History

France
- Name: Papillon
- Ordered: 16 May 1793
- Builder: Nantes
- Laid down: June 1793
- Launched: 23 August 1793
- Captured: 4 September 1803

United Kingdom
- Name: HMS Papillon
- Acquired: 4 September 1803
- Fate: Foundered September 1805

General characteristics >
- Class & type: Cerf-Volant-class brig
- Displacement: 160 tons (French)
- Tons burthen: 14539⁄94 (bm)
- Length: 64 ft 0 in (19.5 m) (overall);; 54 ft 0 in (16.5 m) (keel);
- Beam: 22 ft 6 in (6.9 m)
- Propulsion: Sails
- Sail plan: Brig
- Complement: French service:110; British service:121;
- Armament: French service:12 × 4-pounder guns; British service:Unknown;

= HMS Papillon (1803) =

Brig of the Royal Navy

HMS Papillon was the French Navy's 12-gun brig Papillon, which the British captured in September 1803. She foundered in September 1805 with the loss of all her crew.

==French career and capture==
Papillon was launched in 1793 and is sometimes referred to as Papillon No. 2, as the 6-gun brig-aviso Papillon was still in service.

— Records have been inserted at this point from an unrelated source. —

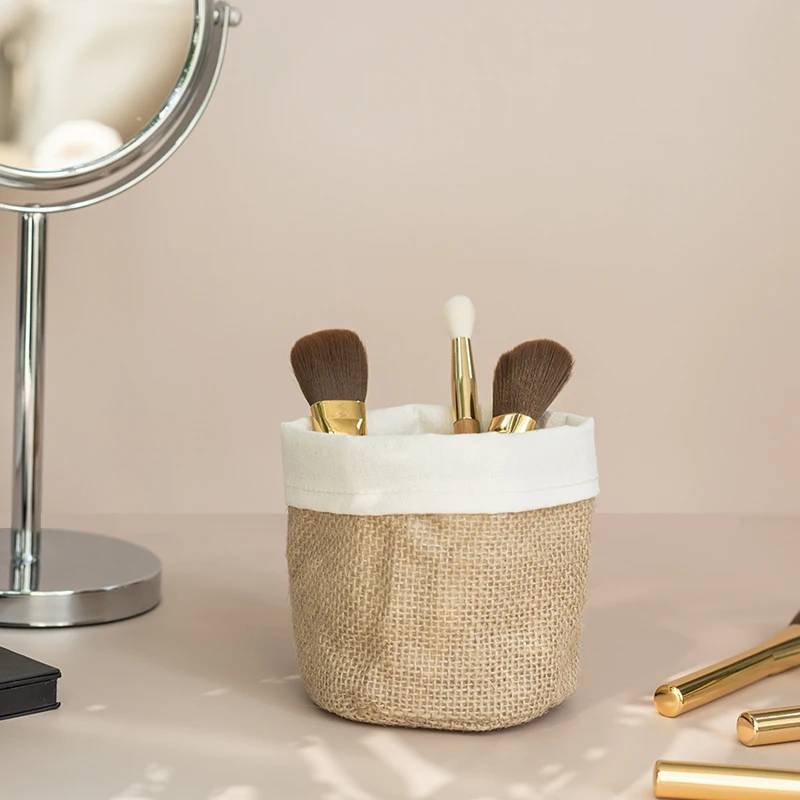 2020 New Style Waterproof Flower Pot Cover Multifunctional Desk Organizer Cosmetic Pen Box For Home Decor pot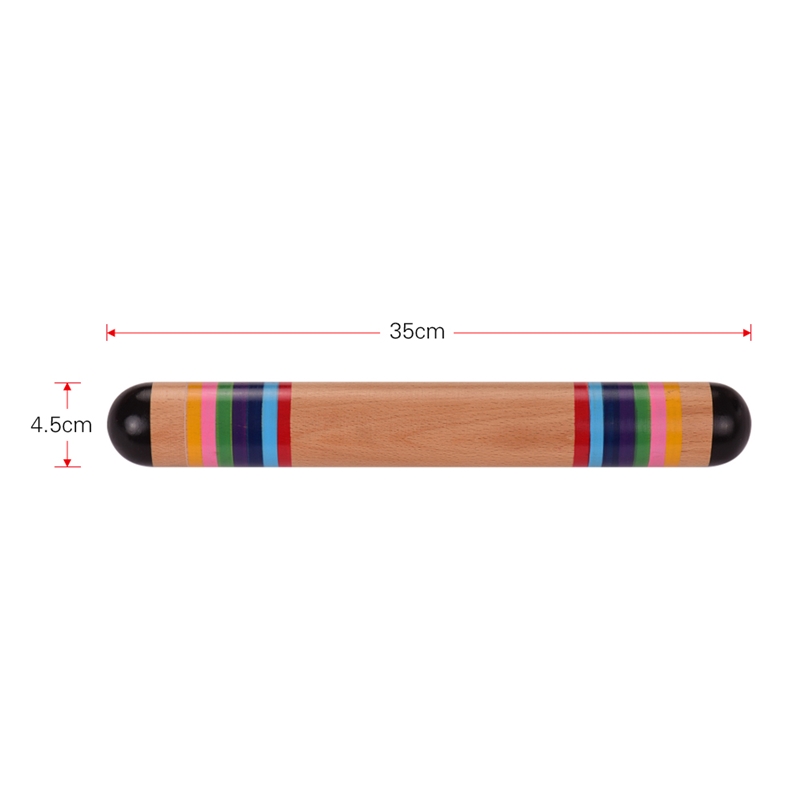 New Wooden Rainstick Rainmaker - Kids Toys Quality ulasan dan harga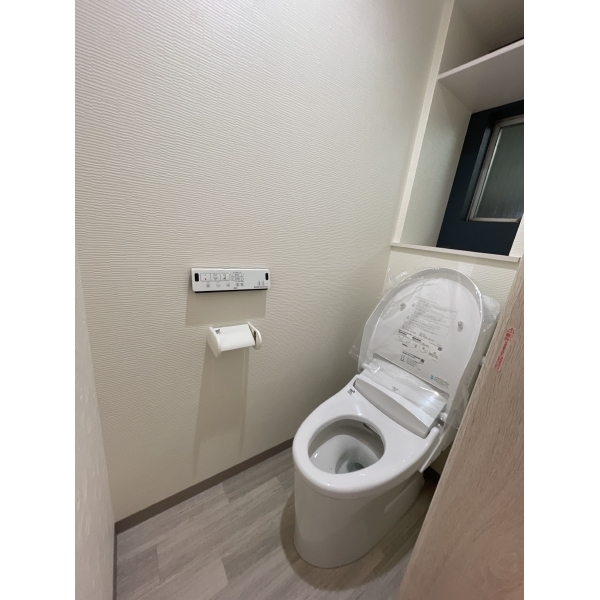 シャトー桃山 トイレ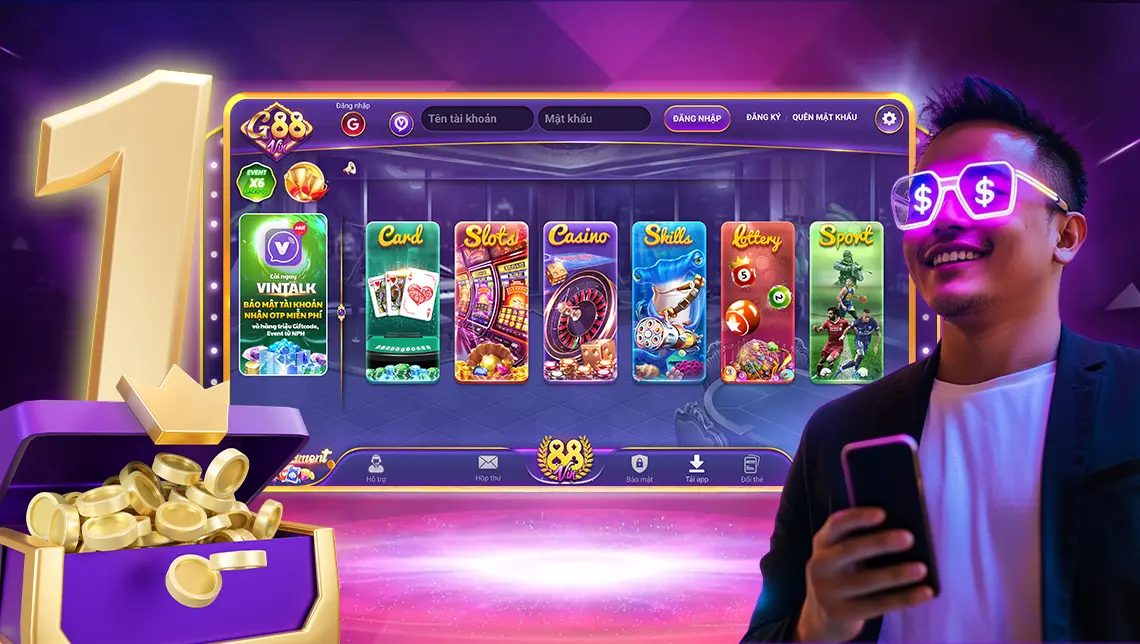 cổng game Gamvip siêu lợi nhuận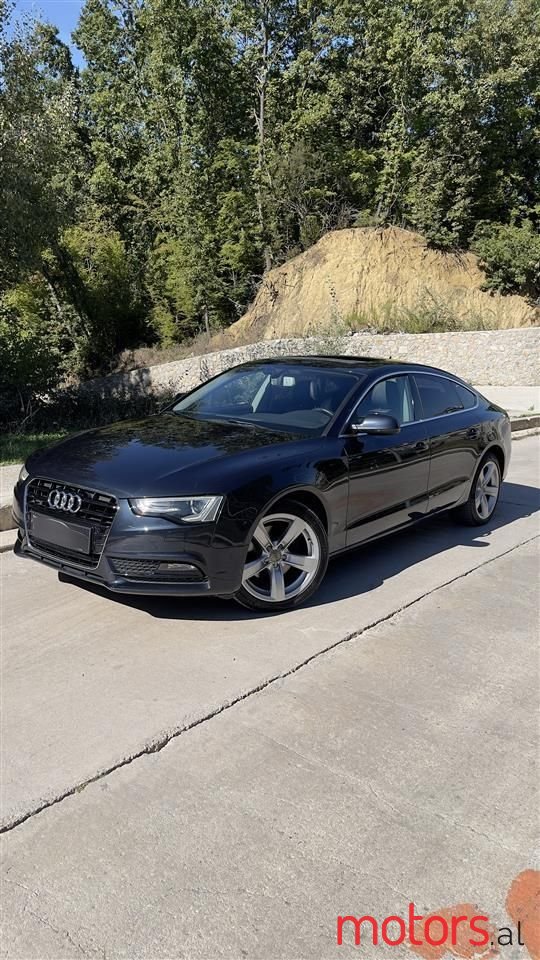 2013' Audi A5 photo #2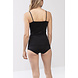 Mey Spaghetti Top met kant Emotion Silhouette 55450 - zwart Mey Spaghetti Top met kant Emotion Silhouette 55450 - zwart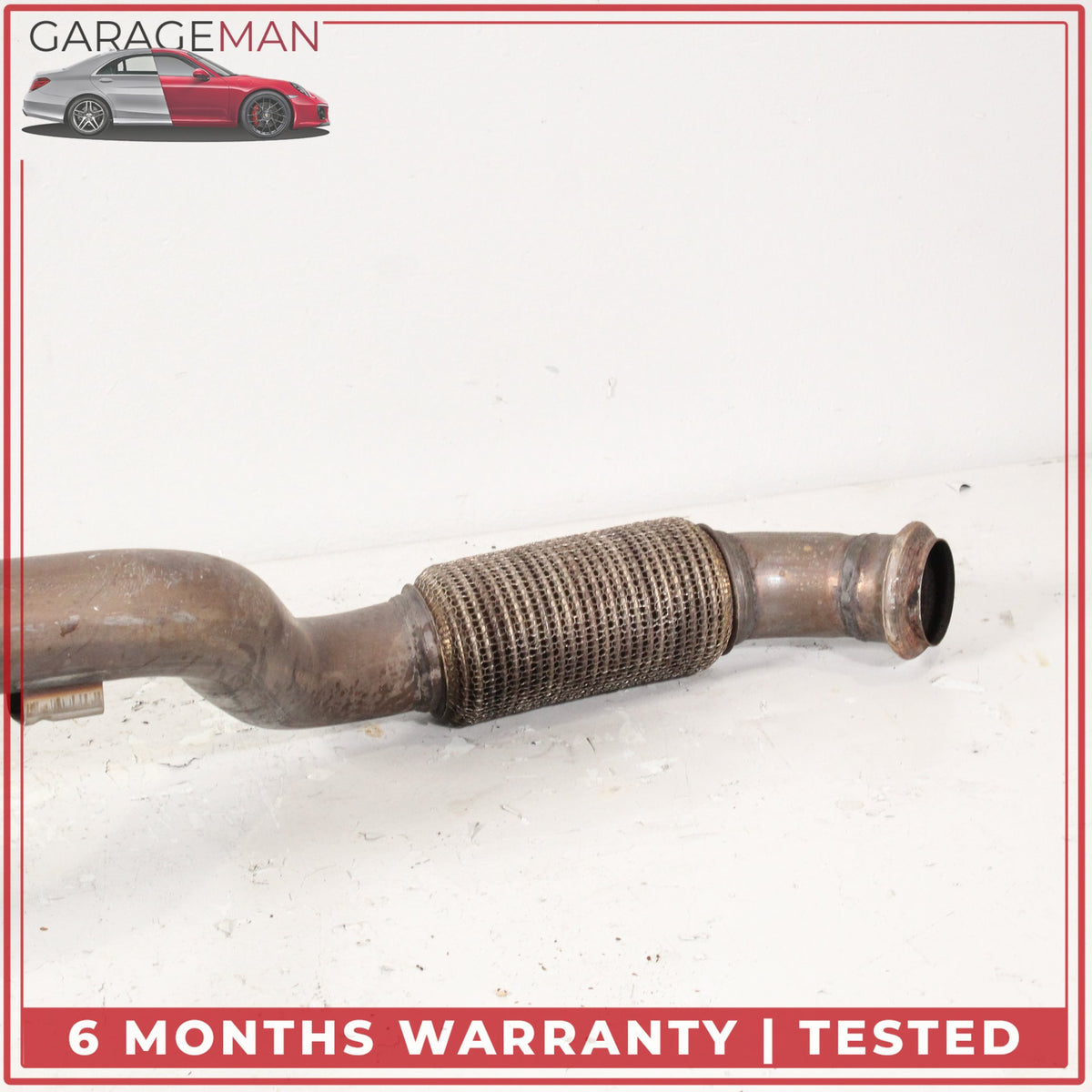 2014-2020 Mercedes C117 CLA250 GLA250 M270 FWD Exhaust Downpipe 2464900514 OEM
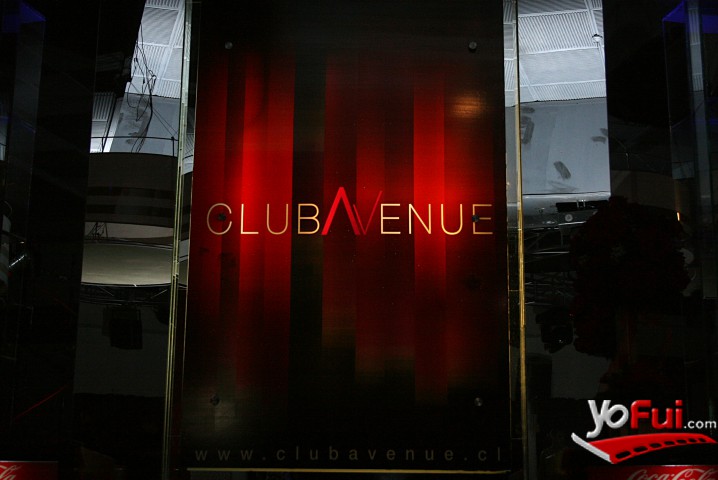 Fotografía en Inauguración Centro de Eventos Club Avenue, Club Avenue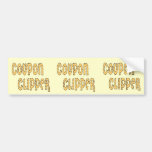 Coupon Clipper Bumper Stickers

The 12-gun Papillon participated in the Croisière du Grand Hiver, an unsuccessful sortie by the French fleet at Brest on 24 December 1794.

In September 1803 the rebel slaves under General Jean-Jacques Dessalines were closely pressing the French troops in northwest Saint Domingue. Captain Walker, of , off the Mole St. Nicholas, persuaded the General not to put the garrison of Saint-Marc to death but to march them to the Mole in safety where Vanguard would take possession of the shipping in the bay. Walker succeeded in evacuating the 850 men of the garrison, all very emaciated. He also brought out the brigs Papillon and Trois Amis (a transport), and the schooner Mary Sally, with 40 or 50 barrels of powder. Papillon was pierced for 12 guns but only mounted six. She had a crew of 52 men under the command of Mons. Dubourg.

==British service==
The British took Papillon into service under her existing name. She was commissioned in 1804 under Lieutenant John Smyth in the Leeward Islands.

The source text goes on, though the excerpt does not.